Por eso, lo nuevo no está en las palabras de los candidatos, las cuales casi podríamos repetir de memoria, sino en la actitud de los convocantes al debate realizado en la sede de la Comisión de Derechos Humanos del DF, los estudiantes del #YoSoy132. Fuera del desastre técnico que fue la transmisión, el hecho es que lograron crear un ambiente muy diferente al que prevaleció en los dos encuentros oficiales. Lejos de la rigidez acostumbrada, a los candidatos se les presentó una batería de preguntas elaboradas por ciudadanos comunes y corrientes, tamizadas, claro, por un grupo académico ad hoc. Y ellos mismos las presentaron en tono respetuoso, sin falsos formalismos. Tutearon a los candidatos en gesto de llaneza igualitaria, pero no se abstuvieron de sujetarlos a las condiciones pactadas cuando se requirió. Hubo más libertad, aunque los aspirantes no se salieron del guión un milímetro. Fue notoria la intención de eludir el debate-espectáculo por el que apostaron afamados comentaristas mediáticos, no sin intencionalidad de favorecer por esa vía a alguno de los contendientes. Y eso hay que agradecérselo a los organizadores. Resultó muy saludable que uno de los moderadores dijera que ellos aspiraban a un debate de ideas en lugar de los ataques ad hominem de los que gustan ciertos estrategas. Incluso les advirtió que estaba autorizado a interrumpir a quien incurriera en esas prácticas vergonzosas.

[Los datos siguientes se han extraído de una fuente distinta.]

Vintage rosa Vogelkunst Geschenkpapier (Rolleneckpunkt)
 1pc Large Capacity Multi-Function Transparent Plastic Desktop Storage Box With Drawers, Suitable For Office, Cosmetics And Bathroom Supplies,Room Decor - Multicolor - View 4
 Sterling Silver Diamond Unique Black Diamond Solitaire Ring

Esa manera de entender lo que está en juego es la que le da al #YoSoy132 un lugar especial en esta campaña. A pesar de la ofensiva para desnaturalizar su actuación, hechos como el debate prueban que bajo la frescura reconocible de los jóvenes hay una postura firme, sustentada en contenidos democráticos, articulados por un discurso coherente cuya importancia nadie debería desechar. Ni siquiera Peña Nieto, que anteayer dejó la silla vacía.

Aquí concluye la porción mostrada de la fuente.